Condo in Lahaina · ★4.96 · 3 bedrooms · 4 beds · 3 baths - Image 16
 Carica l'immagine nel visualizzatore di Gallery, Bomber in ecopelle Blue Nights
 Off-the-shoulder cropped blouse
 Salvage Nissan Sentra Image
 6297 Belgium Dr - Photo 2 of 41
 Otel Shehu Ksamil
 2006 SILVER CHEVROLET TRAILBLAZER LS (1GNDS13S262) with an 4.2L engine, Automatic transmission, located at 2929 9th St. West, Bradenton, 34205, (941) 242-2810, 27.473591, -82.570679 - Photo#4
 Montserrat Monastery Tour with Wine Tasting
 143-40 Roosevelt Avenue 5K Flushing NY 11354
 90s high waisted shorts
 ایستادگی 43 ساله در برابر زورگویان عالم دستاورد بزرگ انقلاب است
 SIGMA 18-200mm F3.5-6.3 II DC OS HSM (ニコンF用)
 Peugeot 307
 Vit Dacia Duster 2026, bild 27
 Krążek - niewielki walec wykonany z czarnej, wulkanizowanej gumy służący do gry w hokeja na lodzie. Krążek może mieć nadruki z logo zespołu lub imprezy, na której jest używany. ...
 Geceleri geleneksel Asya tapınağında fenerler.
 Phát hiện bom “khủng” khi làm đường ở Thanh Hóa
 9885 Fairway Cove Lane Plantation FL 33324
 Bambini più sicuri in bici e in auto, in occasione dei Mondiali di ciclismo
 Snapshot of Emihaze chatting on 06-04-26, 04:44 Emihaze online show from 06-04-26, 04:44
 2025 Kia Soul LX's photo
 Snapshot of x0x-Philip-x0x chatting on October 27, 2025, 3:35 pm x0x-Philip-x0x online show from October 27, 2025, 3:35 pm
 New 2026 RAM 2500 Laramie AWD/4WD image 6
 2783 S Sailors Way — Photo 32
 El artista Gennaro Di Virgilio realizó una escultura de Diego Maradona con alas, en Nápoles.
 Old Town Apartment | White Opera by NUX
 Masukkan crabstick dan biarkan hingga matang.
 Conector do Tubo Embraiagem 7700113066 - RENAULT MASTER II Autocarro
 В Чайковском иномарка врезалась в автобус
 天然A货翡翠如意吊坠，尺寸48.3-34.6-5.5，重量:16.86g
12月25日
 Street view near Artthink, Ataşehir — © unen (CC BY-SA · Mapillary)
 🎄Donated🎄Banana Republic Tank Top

**What you need to do**: Scan the listing above for the line that has "Salvage Nissan Sentra Image", then copy exactly from that line through the line that has "New 2026 RAM 2500 Laramie AWD/4WD image 6".

**Solution to the exercise**:
 Salvage Nissan Sentra Image
 6297 Belgium Dr - Photo 2 of 41
 Otel Shehu Ksamil
 2006 SILVER CHEVROLET TRAILBLAZER LS (1GNDS13S262) with an 4.2L engine, Automatic transmission, located at 2929 9th St. West, Bradenton, 34205, (941) 242-2810, 27.473591, -82.570679 - Photo#4
 Montserrat Monastery Tour with Wine Tasting
 143-40 Roosevelt Avenue 5K Flushing NY 11354
 90s high waisted shorts
 ایستادگی 43 ساله در برابر زورگویان عالم دستاورد بزرگ انقلاب است
 SIGMA 18-200mm F3.5-6.3 II DC OS HSM (ニコンF用)
 Peugeot 307
 Vit Dacia Duster 2026, bild 27
 Krążek - niewielki walec wykonany z czarnej, wulkanizowanej gumy służący do gry w hokeja na lodzie. Krążek może mieć nadruki z logo zespołu lub imprezy, na której jest używany. ...
 Geceleri geleneksel Asya tapınağında fenerler.
 Phát hiện bom “khủng” khi làm đường ở Thanh Hóa
 9885 Fairway Cove Lane Plantation FL 33324
 Bambini più sicuri in bici e in auto, in occasione dei Mondiali di ciclismo
 Snapshot of Emihaze chatting on 06-04-26, 04:44 Emihaze online show from 06-04-26, 04:44
 2025 Kia Soul LX's photo
 Snapshot of x0x-Philip-x0x chatting on October 27, 2025, 3:35 pm x0x-Philip-x0x online show from October 27, 2025, 3:35 pm
 New 2026 RAM 2500 Laramie AWD/4WD image 6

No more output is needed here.